赤評価から即オレンジに低下してて草生える


落下ハゲ

 広がる樹海。その中を勇者部の五人の内四人は勇者の装束に身を包み立ち、ハゲは万が一に備えハゲを光らせながら待機していた。勇者達の強化された視力とハゲ丸が携帯のズーム機能を使ってようやく見える場所に五体目のバーテックスが浮いている。

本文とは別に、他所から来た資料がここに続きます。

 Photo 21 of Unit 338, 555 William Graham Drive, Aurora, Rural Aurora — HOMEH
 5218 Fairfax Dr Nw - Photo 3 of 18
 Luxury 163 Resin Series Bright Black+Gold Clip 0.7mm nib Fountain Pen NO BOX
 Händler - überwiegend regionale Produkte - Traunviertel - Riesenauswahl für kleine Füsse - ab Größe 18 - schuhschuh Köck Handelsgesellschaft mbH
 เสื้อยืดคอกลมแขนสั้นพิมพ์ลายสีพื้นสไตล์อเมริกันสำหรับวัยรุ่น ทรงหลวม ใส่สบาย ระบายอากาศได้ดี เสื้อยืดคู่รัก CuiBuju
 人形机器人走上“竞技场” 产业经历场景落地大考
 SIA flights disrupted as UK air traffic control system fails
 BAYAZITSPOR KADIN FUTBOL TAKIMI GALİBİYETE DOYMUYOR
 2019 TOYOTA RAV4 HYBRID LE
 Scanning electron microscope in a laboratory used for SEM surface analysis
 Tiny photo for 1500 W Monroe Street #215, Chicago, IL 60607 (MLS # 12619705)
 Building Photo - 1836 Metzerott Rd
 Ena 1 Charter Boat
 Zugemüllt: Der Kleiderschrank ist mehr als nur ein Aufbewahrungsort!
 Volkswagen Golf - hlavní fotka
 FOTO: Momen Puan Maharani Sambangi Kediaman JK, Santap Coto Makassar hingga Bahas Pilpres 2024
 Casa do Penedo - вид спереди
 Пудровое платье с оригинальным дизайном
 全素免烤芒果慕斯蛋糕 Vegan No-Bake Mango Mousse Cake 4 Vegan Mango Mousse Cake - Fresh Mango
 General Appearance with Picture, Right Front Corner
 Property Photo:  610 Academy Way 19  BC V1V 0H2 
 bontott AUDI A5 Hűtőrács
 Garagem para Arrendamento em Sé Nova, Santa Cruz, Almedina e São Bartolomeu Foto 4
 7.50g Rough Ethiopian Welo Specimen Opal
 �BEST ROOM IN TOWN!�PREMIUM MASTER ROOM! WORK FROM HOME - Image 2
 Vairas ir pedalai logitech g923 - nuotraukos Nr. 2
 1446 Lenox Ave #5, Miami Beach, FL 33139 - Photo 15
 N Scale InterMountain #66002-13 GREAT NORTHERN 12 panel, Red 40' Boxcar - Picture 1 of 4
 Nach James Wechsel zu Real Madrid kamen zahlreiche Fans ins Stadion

 あれを倒せば、このお役目も折り返しが近い。そうすれば、この命懸けの戦闘ともおさらば。勇者部は晴れてちょっと前までの、日常の中にある部活とそん色ない部活へと戻る。日常が、戻ってくる。

 

「奴さん、もうすぐ来るわね」

「どうしよ……一か月ぶりだしちょっと戦い方忘れたかも……」

「それなら、このアプリの説明機能を見れば一発です!」

「あ、そういえばそんなのあったね!」

「あぁ……友奈ちゃん可愛いわ……」

「気を引き締めろよクソレズ……」

 

 だと言うのに、風以外はなんというか、呑気だった。

 だが、それも仕方ないかもしれない。風は元より勇者とバーテックスを知っており、それをどうにかしなければならないというお役目を果たすために生きてきた。対して他の勇者部員は巻き込まれただけとも言える。怒りたいが怒れない、なんて思っていたが、どっちにしろこの戦いは命懸けに加え、四国に残っている全人類の存亡をかけた戦いだ。

 

「ちょっとアンタら。少しは気を引き締めろっての」

 

 だからこそ、お小言を口にするのだが、こうして出てくる言葉がちょっと軽いのは、彼女らに毒されている証拠だろう。いつの間にかここまで絆されていた、とも言えるが。

 風ははーい、と間抜けな返事を返す部員たちを見て、全く。とため息を吐きながら呟く。

 さて、こんな部員たちだから、アタシが気張って無傷で全員生還させないと、と部長として。最年長として。このお役目に巻き込んでしまった原因として、大剣を握り直し、いつの間にか美森の射撃範囲内に入りそうになっているバーテックスを睨みつける。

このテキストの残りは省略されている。